Once we had all been formally introduced to the "elephants in the room," health, health care, and more importantly, health equality does not equal available health care for all. Although, ensuring health care for all is a good step, the fact of the matter is that health equality means different solutions for men, women, of every ethnicity.
What is the highest standard of health for every person? That is the definitiion of health equity. What are we willing to do to achieve health equity? These are all questions posed by panelist, Fleda Mask Jackson, DPH, Affiliated Professor, Rollings School of Public Health. Health equality and disparity takes a looks at socio-economic implications on health and health care, and not just a broad-based outlook on what is needed. There are issues linked to African-America women that do not immediately impact Caucasian or Hispanic women, and vice-versa. Look at quality of life, depression, and stress as indicators of disease and sickness.

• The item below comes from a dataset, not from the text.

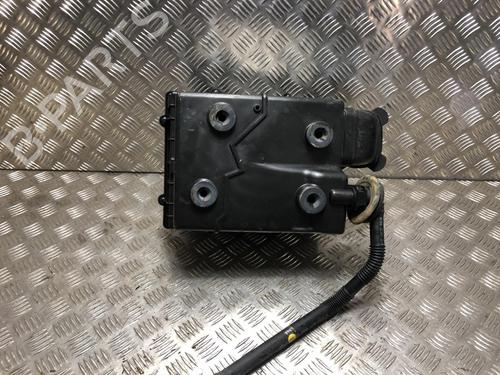 Air filter box AUDI A1 (8X1, 8XK) 1.6 TDI | BP31185890M87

Renee Lewis Glover, J.D., CEO of the Atlanta Housing Authority, took a very different look at health and health care. She has spent her time stopping public housing development. How can we solve affordable housing inside of a community? What do we need to do to assist individual in achieving great outcomes? In 1996, AHA created the financial and legal model for mixed-income, mixed-finance transactions that include public-assisted housing as a component. This model is used by the U.S. Department of Housing and Urban Development's HOPE VI revitalization program. In Atlanta, it has resulted in six vibrant mixed-income communities, with three more in the predevelopment phase. The thought is that bringing the low income level families into a metro brings more opportunity to live the "American dream."
Diane Allensworth, Ph.D., Centers for Disease Control, spoke on how all the "dots" are connected. If you are in good health, you are more likely to have good academic performance, leading to college and hopefullly a career. Plus, if you are doing this for yourself, you are most likely following this for your children. With health, comes education and social responsibility. In the United States, over 7,000 students drop out of school every day! WHAT! 1.2 million by the end of the year. THere is an achievement gap. In the 1990s, the CDC goals turned to reducing health disparity. This got Allensworth more interested in school health and public health. She found that if children are not graduating, they won't be able to afford insurance or health food. Then looking at why kids are not graduating, 2/3 of low poverty kids go to high poverty, low performance schools with more teachers teaching out of credentials, the greatest teacher turnover, unsafe school and toxic environments and the resources are most limited.
Linda Blount, MPH, National Vice President, Office of Health Disparities for the American Cancer Society shared many facts with us on the state of health, education and community. Here are a few:
- Health inequities cost around $250 million/year in medical costs among low income minorities.
- 1 in 3 Hispanics is uninsured.
- 1 in 5 African Americans is uninsured.
- In terms of reform, if everyone had insurance tomorrow, we would still have health inequities.
- The lack of health insurance annually causes 18,000 infants deaths a year.
- Three reasons for the inequality in mortalities rates from the 80s: the economy began to worsen, we learned to detect/treat breast cancer. The mortality differences in cancer in women between African American and Caucasian begins to widen each year.
- Insured African American women were 7-10% less likely to get breast conserving surgery than insured Caucasian women.
I will be back tomorrow night to try and wrap up a full day of sessions on health and health care.